Daraus erklärt sich das Interesse des Kollegs für die „andere Seite“ der Operationen des An- und Ausschließens. Wir fragen nach den Unterbrechungen, Reibungen und Konflikten, die mit den standardisierten Praktiken des An- und Ausschließens einhergehen, nach ihren Folgen für betroffene Akteur:innen, aber auch nach ihren Potenzialen für die Gestaltung künftiger neuer Lebenswelten. Aus einer experimentell orientierten Forschungsperspektive geht es daher darum, herkömmliche Methoden der Welterschließung und Weltbeschreibung gleichsam zu ‚ver-lernen‘, um dialogische Verfahren der Konstruktion und Kritik unserer digital neukonfigurierten Gegenwart neu zu denken und gegenhegemoniale Praktiken und Utopien zu entwickeln.

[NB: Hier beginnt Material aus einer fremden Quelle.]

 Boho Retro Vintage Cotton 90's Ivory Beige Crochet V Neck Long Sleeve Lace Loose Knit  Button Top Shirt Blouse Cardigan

Solange sich unsere zunehmend globalisierte Welt durch sprachliche und kulturelle Vielfalt auszeichnet, bleibt die Übersetzung eine unentbehrliche und dennoch zweischneidige Tätigkeit. Sie stellt Anschlüsse her, indem sie in fremden Sprachen Verfasstes oder in anderen Kulturen Entstandenes eingemeindet, bewirkt aber im gleichen Zug Ausschlüsse, da sie die erste Umgebung des Übersetzten und seine enge Verflechtung mit derselben oft ausblendet oder sogar ausblenden muss. Diese Doppelseitigkeit der Übersetzung soll im Graduiertenkolleg aus literatur-, medien- und kulturwissenschaftlicher Perspektive beleuchtet werden. Die literarische Übersetzung wird weniger als philologische Herausforderung denn als kulturelle Praxis mit verschiedenen Nebeneffekten betrachtet. So wird zu fragen sein, inwiefern mit der Übertragung eines Textes Kontexte wie sprachspezifische Konnotationen zentraler Wörter oder Verbindungen der Verfasserin zu bestimmten ästhetischen Programmen und künstlerischen Bewegungen verloren gehen.

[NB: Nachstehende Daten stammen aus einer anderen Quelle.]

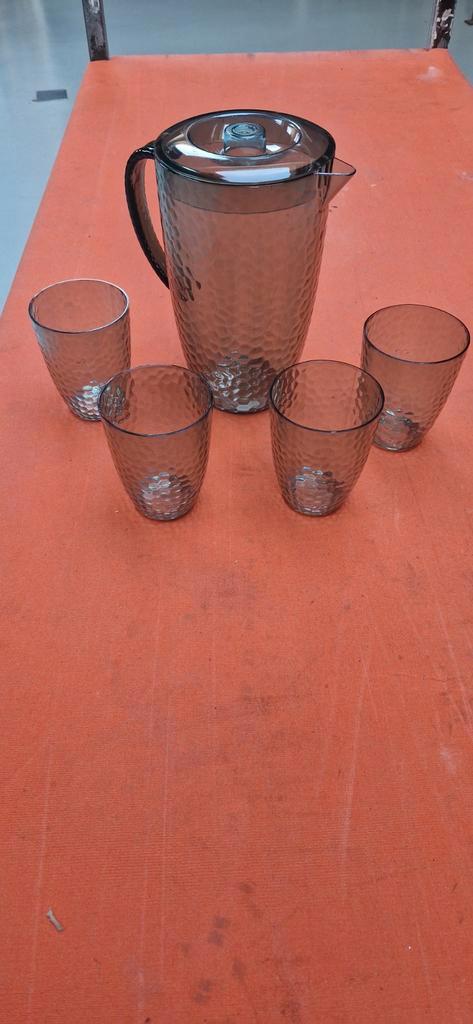 Schenkkan met 4 bekers, Antiek en Kunst, Antiek | Keukenbenodigdheden, Ophalen of Verzenden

Im Hinblick auf ‚Weltliteratur‘ aus dem Globalen Süden drängt sich ferner die Frage auf, wie die Übersetzbarkeit eines Werkes beurteilt und damit über seine Zirkulation auf dem internationalen Buchmarkt entschieden wird. Übersetzung soll aber auch in einem weiteren Sinn als ‚Transkodierung‘ zeichenhafter Gebilde (Hall) oder als ‚Traduktion‘ in Handlungsketten mit nichtmenschlichen und menschlichen Akteuren (Latour) begriffen werden. Insofern umfasst der Arbeitsbereich etwa auch die Frage nach der angemessenen Übertragung von Begriffen aus anderen Wissenskulturen und Denktraditionen, ebenso die Untersuchung von Schwierigkeiten, die sich bei der gemeinsamen Ausstellung von Kunstwerken aus unterschiedlichen Weltregionen oder bei der kulturellen Übersetzung von Modellen städtischer Raumgestaltung ergeben.